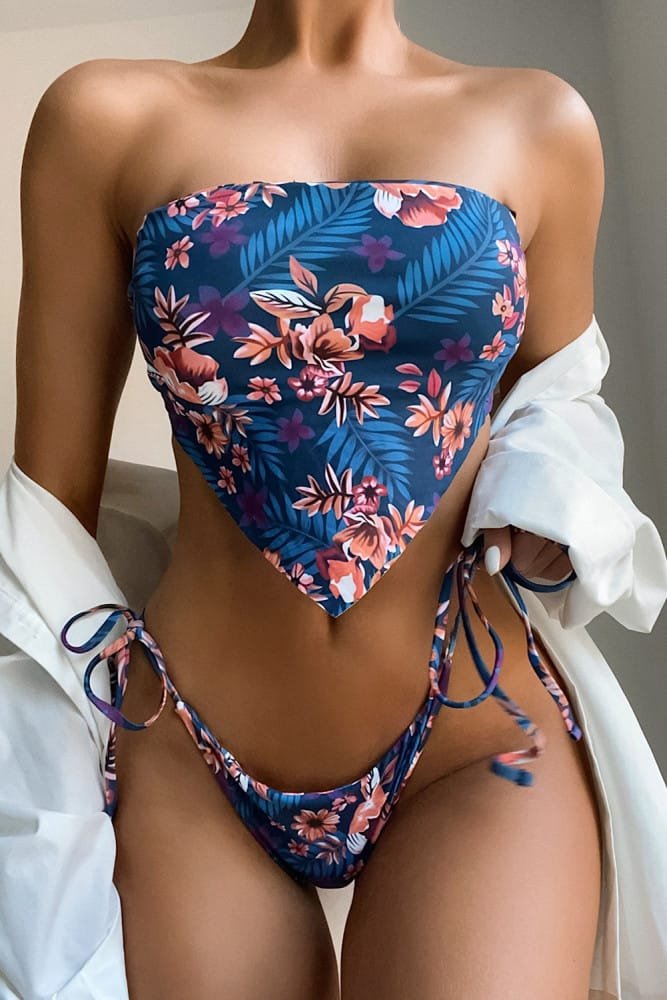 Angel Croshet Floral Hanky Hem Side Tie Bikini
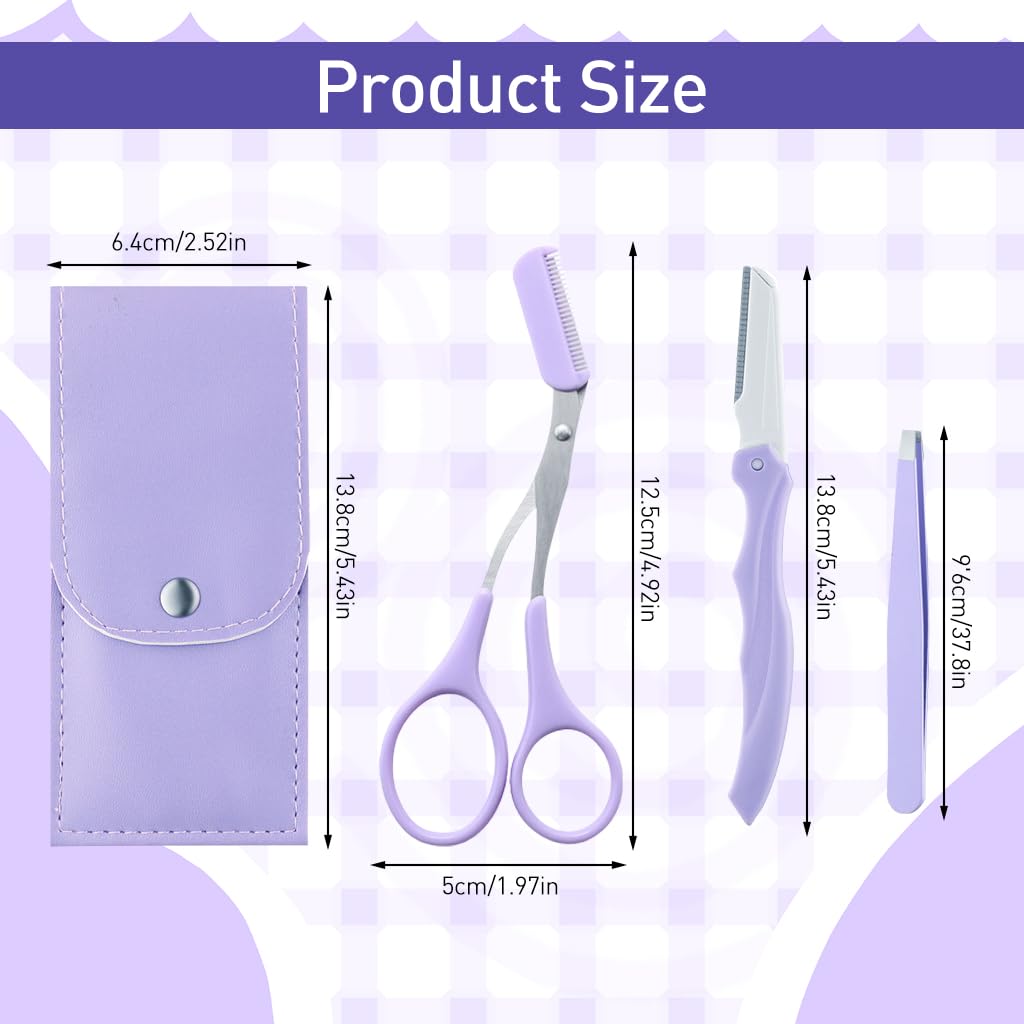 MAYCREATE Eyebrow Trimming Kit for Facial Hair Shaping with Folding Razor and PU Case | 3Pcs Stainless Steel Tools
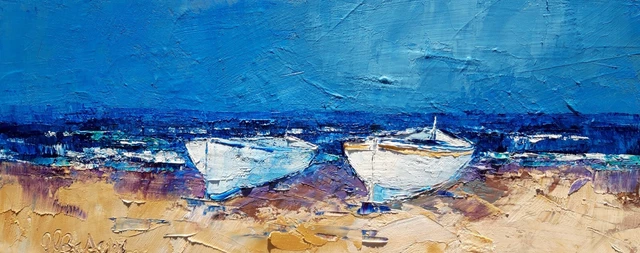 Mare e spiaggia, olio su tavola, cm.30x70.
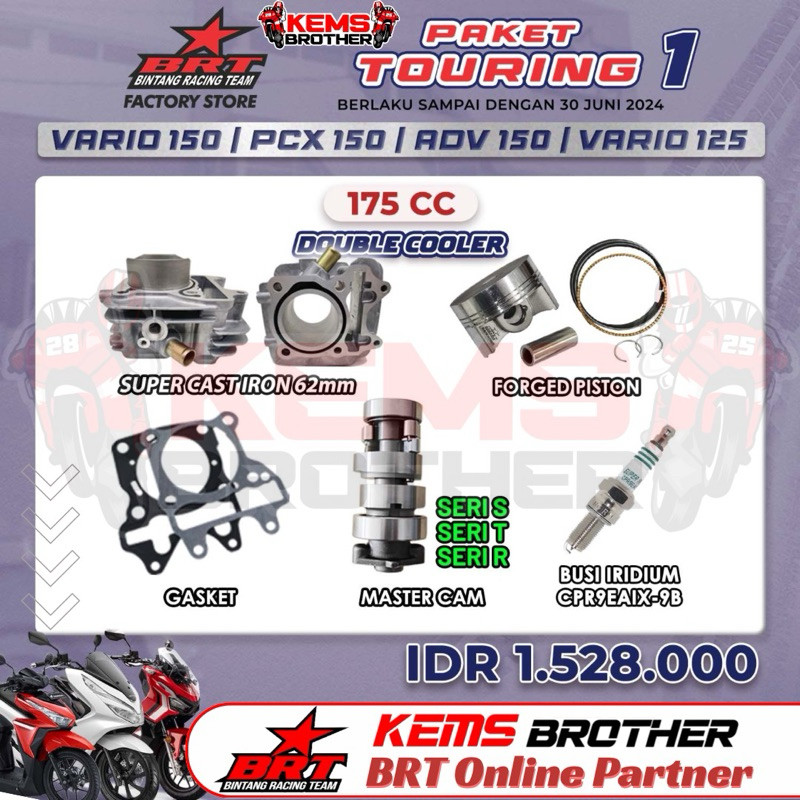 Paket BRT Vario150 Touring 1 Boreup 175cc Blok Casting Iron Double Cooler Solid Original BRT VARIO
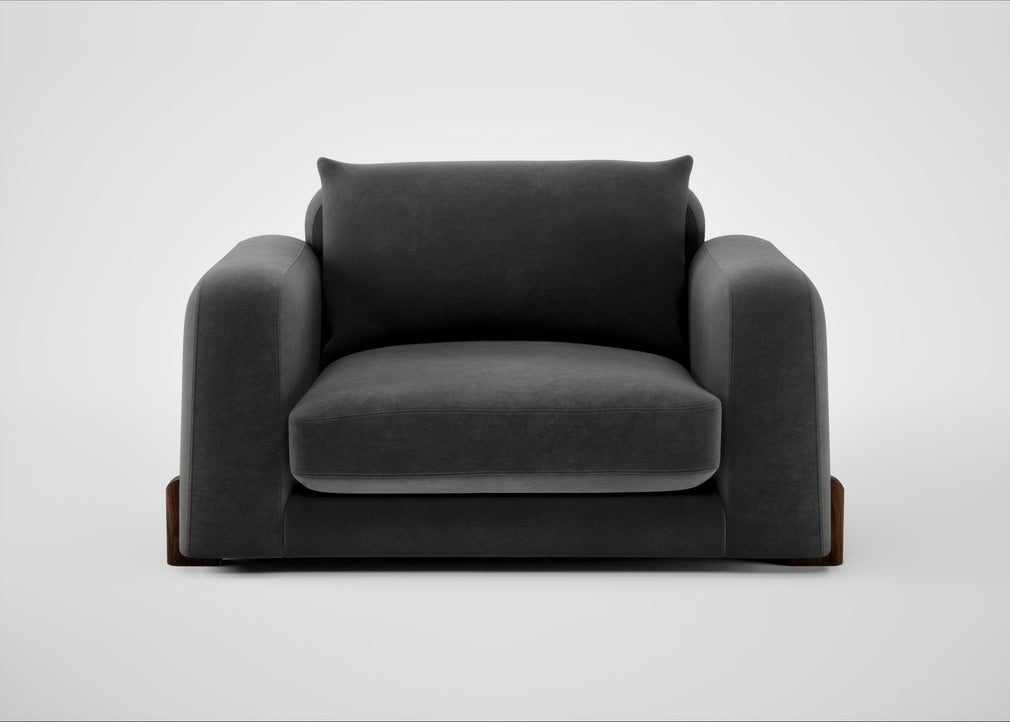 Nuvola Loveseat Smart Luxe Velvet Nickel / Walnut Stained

**********

→ **Task to carry out**
Beginning with the line that contains "MAYCREATE Eyebrow Trimming", write out every line through the last one in the records, exactly and without pictures.

→ **Answer box**
 MAYCREATE Eyebrow Trimming Kit for Facial Hair Shaping with Folding Razor and PU Case | 3Pcs Stainless Steel Tools
 Mare e spiaggia, olio su tavola, cm.30x70.
 Paket BRT Vario150 Touring 1 Boreup 175cc Blok Casting Iron Double Cooler Solid Original BRT VARIO
 Nuvola Loveseat Smart Luxe Velvet Nickel / Walnut Stained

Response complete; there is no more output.